Dort war ein sehr komisches Gefühl in meinem Bauch, meine Gedanken waren verschleiert und meine Beine zitterten. Ich fürchtete mich vor dem, was meine Tante tun würde, wenn ich nun klopfte. Langsam hob ich meine zitternde rechte Hand an die Tür und wagte es trotzdem, zaghaft und sehr leise. Obwohl man mein Klopfen bestimmt fast überhaupt nicht hörte, wurde doch nach einigen Sekunden die Türe vor meiner Nase aufgerissen. Überrascht schaute ich in das Gesicht meiner Cousine. In das Gesicht meiner älteren Cousine. Ich hatte gewusst, dass sie kommen würde, jedoch nicht, dass sie für ihren Besuch in unserem Haus blieb. „Maria", sagte ich nun. Ihre dunklen Haare umrahmten ihr Gesicht. Das Haar reichte gerade bis hin zu den Schultern und es war so glatt wie meine es niemals gewesen wären. Die dunklen Augen waren groß und sie schien überrascht, erstaunt und auch irgendwie besorgt zu sein. Sie war so anders als Nina, die beiden waren so verschieden. Maria neigte dazu, still zu sein und nur wenig zu sprechen während Nina sehr gern redete und auch schnell mal herum schrie. Und obwohl Maria eigentlich immer näher an meinem Alter dran gewesen war, als Nina, so habe ich doch immer mehr mit der meiner kleinen Cousine getan. Nina war immer meine kleine Schwester gewesen, sie hat sich nie nur nach einer Cousine angefühlt. Sie hatte sich mir anvertraut, und ich ihr, während Maria still bei ihrer Mutter gewesen war. Wir hatten uns nie sehr gut verstanden und ich glaubte, Maria war immer etwas sauer auf mich gewesen und war es immer noch, da sie vielleicht glaubte, ich hätte ihr die Schwester weggenommen. Meine Schuld war das aber nicht, sagte ich mir immer wieder. Das ganze lag an ihr, meinte ich. Sie hätte jederzeit zu uns beiden herüber kommen können.

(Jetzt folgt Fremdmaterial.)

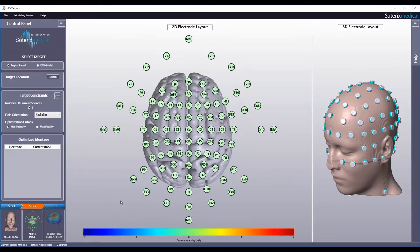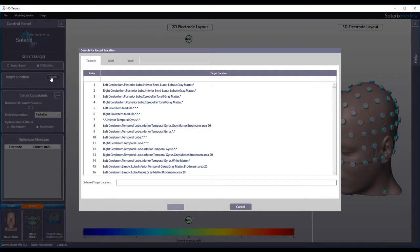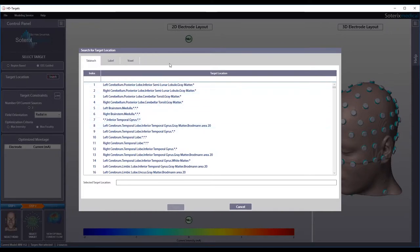In the second step, you can determine the optimized montage, either based by region or guided by EEG. If you select region-based and hit the search button in target location, you will launch a new window with multiple tabs. For Talairach-based targeting, you have 1105 locations to choose from.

Nun sah Maria mich also mit diesen weit aufgerissenen Augen an, die plötzlich zu meinen Füßen hinuntersahen. „Wo hast du die her?", fragte Maria mich jetzt, ihr Blick war prüfend und auch irgendwie wütend aber ihre Stimme war ruhig. Sie meinte die teuren Stiefel. Ohne lange zu überlegen antwortete ich: „Ich habe sie geschenkt bekommen." Es entsprach ja auch der Wahrheit. „Aha", sagte Maria, „Sie sehen ziemlich teuer aus." Ich unterbrach sie sauer: „Lässt du mich jetzt hinein oder nicht?" Ich wurde immer wütender und ungeduldiger, aber Maria machte keine Anstalten, mich ins Haus hineingehen zu lassen. Sie blieb eiskalt. „Wo warst du, Rebecca?", fragte sie mich. Meine Wut schien zu verschwinden und plötzlich kamen mir Bilder in den Kopf. Angefangen von meinem Besuch, mitten in der Nacht, in der Kneipe, bis hin zu Alicias letzten Worten. Aber als mir wieder Giacominos Gesicht vor Augen lag, wie er meine Schulter zerquetscht hatte und mich leiden hatte lassen, kam der Schmerz wieder hoch. Tränen stiegen mir in die Augen und meine Lippen fingen an zu zittern. Kurz sah ich in Marias erschrockene Augen und wischte mir mit der Hand über das Gesicht. Dann war ich mir sicher, dass ich gar nicht mehr ins Haus wollte. Ich wollte einfach nur noch weg. Es gab niemanden, mit dem ich jetzt reden wollte, keiner, der mich verstehen würde. Ich drehte mich um und wollte gerade mit dem Rennen beginnen, da hielten mich zwei Hände an der Hüfte fest. Verzweifelt wollte ich mich befreien aber meine Cousine hauchte mir nur ins Ohr: „Du bleibst hier, Rebecca." Sie zog mich durch die Tür und redete schnell weiter: „Du hast da eine Geschichte zu erzählen." Ich stöhnte, schluchzte und schrie, doch Maria ließ nicht locker, bis ich auf einem Stuhl im Wohnzimmer saß und meine Tante in der Zimmertür erschien. Sofort nachdem ich ihr in die Augen gesehen hatte, wurde mir klar, dass ich etwas Falsches getan hatte, und dass sie die Wahrheit über mein Weggehen wissen wollte. Nicht die Lüge, die ihr erzählt wurde.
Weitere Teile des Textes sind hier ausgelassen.